Hope on the Cross

Father, into your hands I commit My Spirit!

It was now about the sixth hour, and there was darkness over the whole land until the ninth hour, while the sun’s light failed. And the curtain of the temple was torn in two.

Then Jesus, calling out with a loud voice, said, “Father, into your hands I commit my spirit!” And having said this he breathed his last.

Now when the centurion saw what had taken place, he praised God, saying, “Certainly this man was innocent!” And all the crowds that had assembled for this spectacle, when they saw what had taken place, returned home beating their breasts. And all his acquaintances and the women who had followed him from Galilee stood at a distance watching these things. –Luke 23:44-49

Hope on the Cross

Jesus sixth saying from the Cross is a prayer of surrender and trust. Jesus prayed:

Father, into your hands I commit my Spirit

His cry is found in Psalm 31:5: “Into your hands I commit my spirit, for you have redeemed me, O Lord, Faithful God.” Out of a place of deep distress of body and soul, the Psalmist prays in lament and petition: “Be gracious to me, O Lord, for I am in distress; my eye is wasted from grief; my soul and my body also.” (Psalm 31:9) Out of the anguish of the Dark Night of the Soul, Psalmist’s Spirit is liberated to be completely and totally surrendered to steadfast Love of God.

Make your face shine on your servant;
save me in your steadfast love! –Psalm 31:16

Out of the depths of Spiritual Abandonment, God brings the soul of the believer to a place of surrender and Divine Reunion. The word translated in our English versions as “steadfast love” is the Hebrew word Chesed, (pronounced with a hard “h” from the back of the throat: khesed, or ẖesed). Teachers of the Old Testament have long recognized this as the primary posture of God toward humans, and the essential virtue to be emulated in our lives. The Jewish Rabbi Simlai expounded: “The Torah begins and ends with chesed.”
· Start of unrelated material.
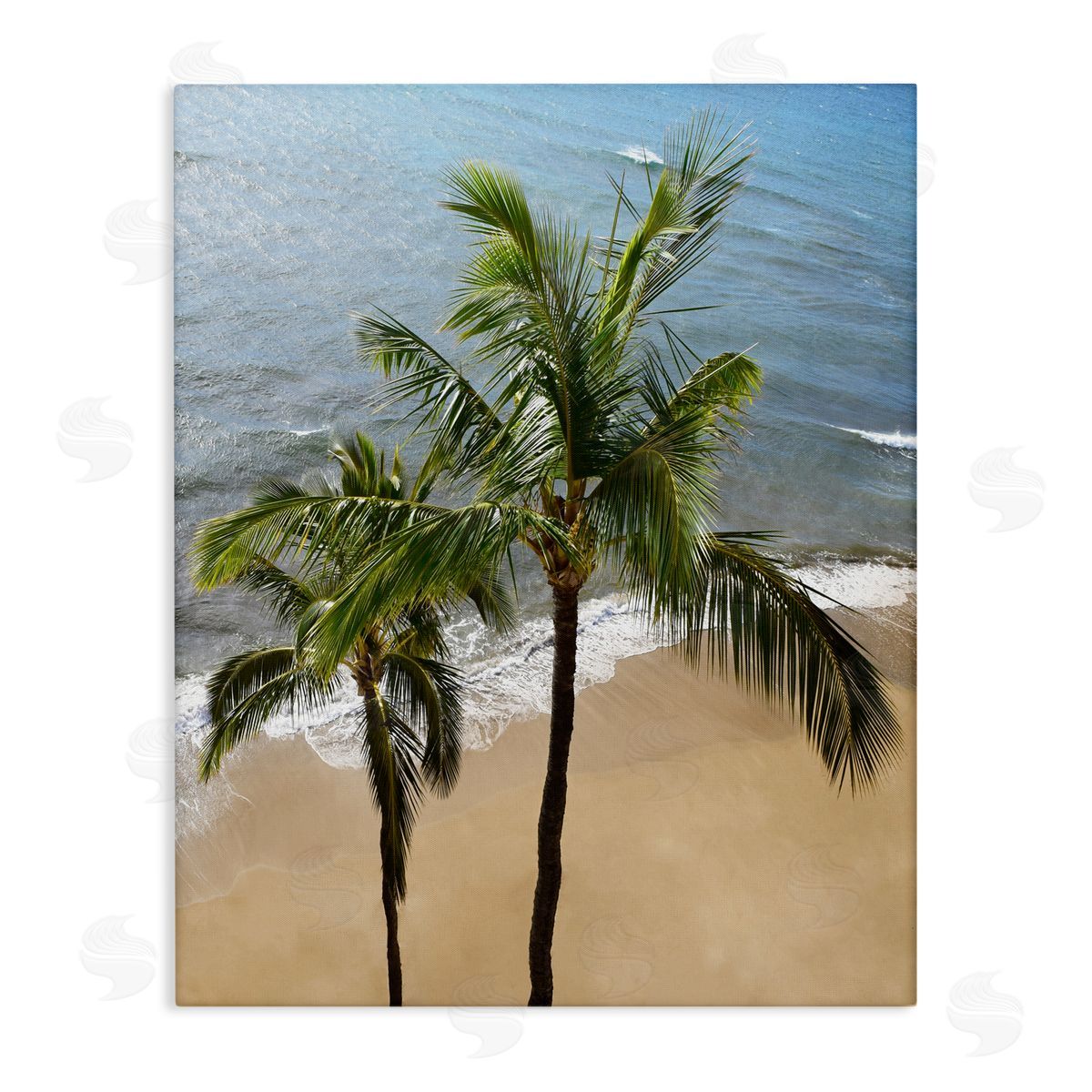 Natalie Carpentieri Maui Palm Beach Coast Canvas Wall Art Print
God is absolutely faithful and steadfast in His covenantal love toward His people. As Paul reflects on Divine Love in 1 Corinthians 13:7-8:

Love bears all things, believes all things, hopes all things, endures all things. Love never ends.

Out of the deep anguish of His soul, Jesus arrives at a place of absolute confidence in the Father’s steadfast love for Him. He places His total trust in a posture of surrender and absolute trust. Through the Cross, Jesus understood God to be imminently trustworthy and good—worthy of trust.
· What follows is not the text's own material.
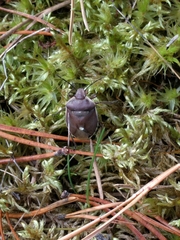 Chlorochroa pinicola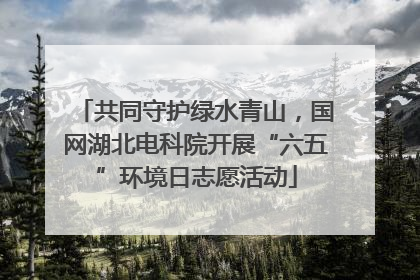 共同守护绿水青山，国网湖北电科院开展“六五”环境日志愿活动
Though you may be going through a time of evil and difficulty, God remains steadfast in His love for you. The very sufferings that you are going through can and will be used by God to pour out His abundant love on you. This is why Paul encourages us to rejoice in our sufferings knowing the ultimate outcome for us in them:

Not only that, but we rejoice in our sufferings, knowing that suffering produces endurance, and endurance produces character, and character produces hope, and hope does not put us to shame, because God’s love has been poured into our hearts through the Holy Spirit who has been given to us.
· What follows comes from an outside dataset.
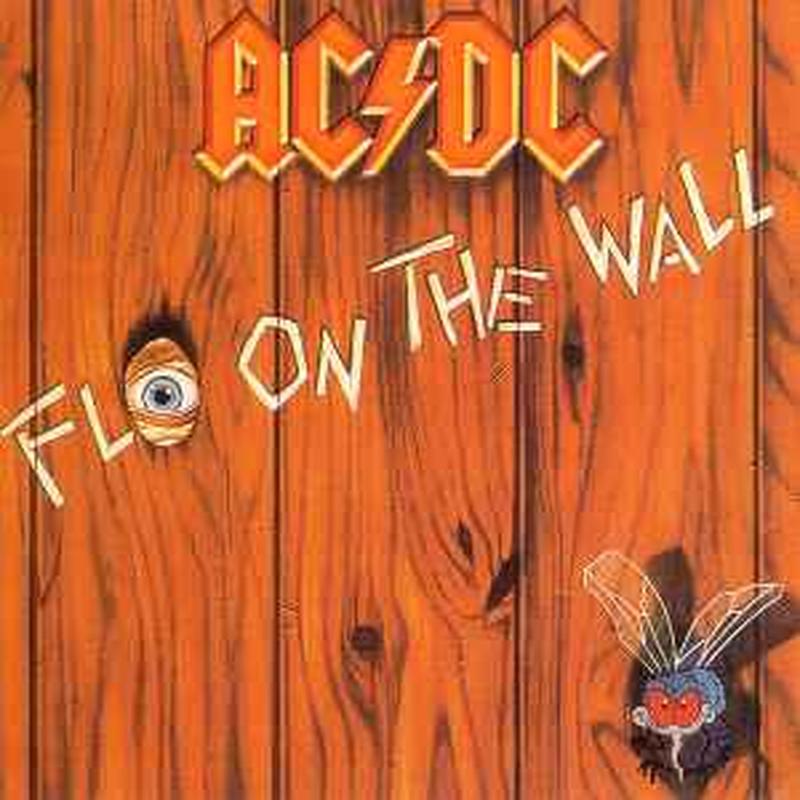 fly-on-the-wall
For while we were still weak, at the right time Christ died for the ungodly. For one will scarcely die for a righteous person—though perhaps for a good person one would dare even to die—but God shows his love for us in that while we were still sinners, Christ died for us. –Romans 5:3-8

The ultimate act of chesed, covenantal steadfast love, is in Jesus’ surrender unto death for you. Christ died for you. He absolutely surrendered His Spirit to His Father for your sake, so that you would absolutely surrender your Spirit for His sake.